## Recorded data

<<<<

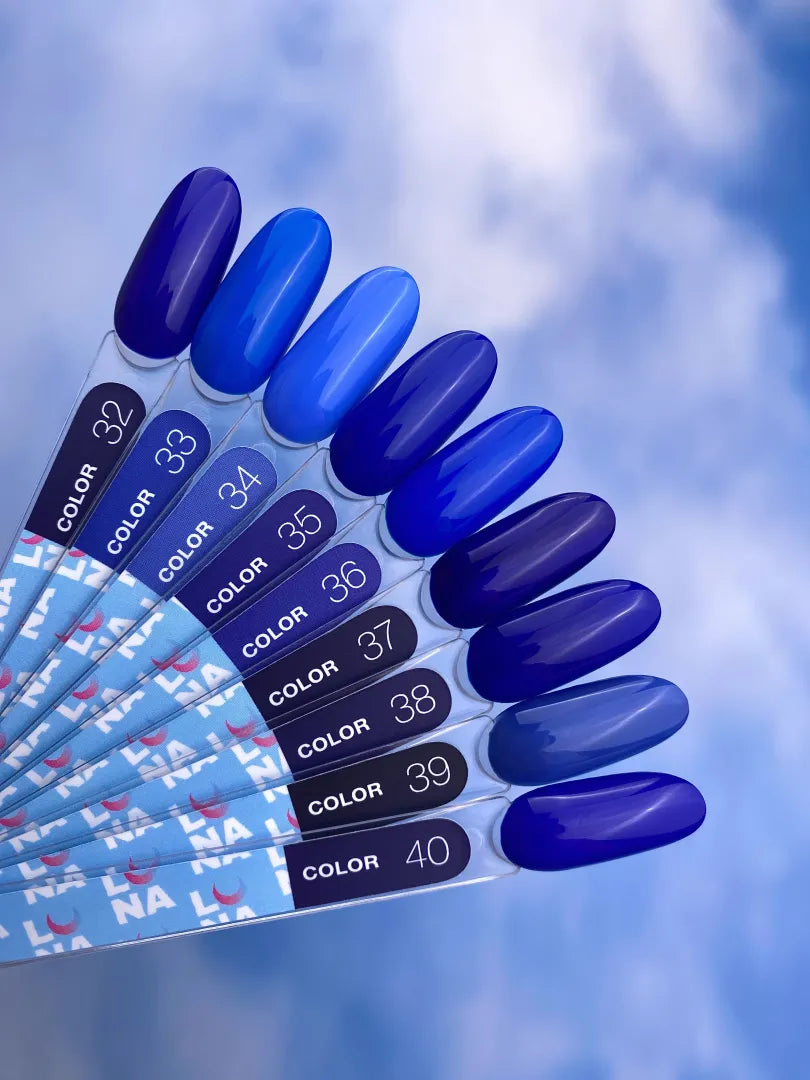 Gel polish Color №34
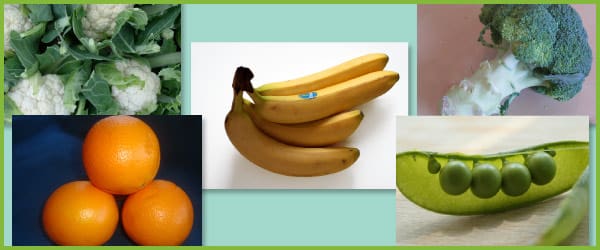 Food Group Photos: Fruit and Vegetables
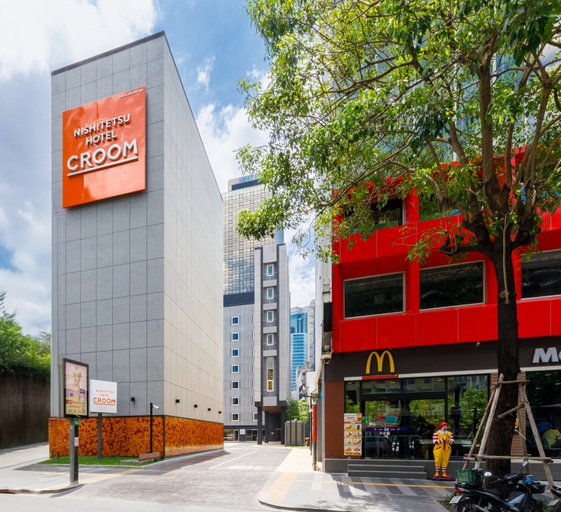 Exterior & Views 1, Nishitetsu Hotel Croom Bangkok Silom, Bang Rak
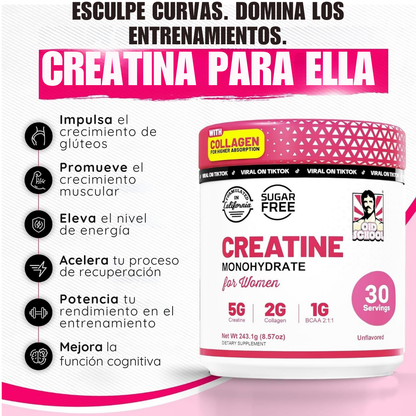 Beauty Creatine™ – Define Tus Curvas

>>>>

## Instructions for the task
Emit the lines of the data above from the one containing "Exterior & Views" through its final line, both endpoints included. Pictures do not belong in the output.

## Output of the exercise
 Exterior & Views 1, Nishitetsu Hotel Croom Bangkok Silom, Bang Rak
 Beauty Creatine™ – Define Tus Curvas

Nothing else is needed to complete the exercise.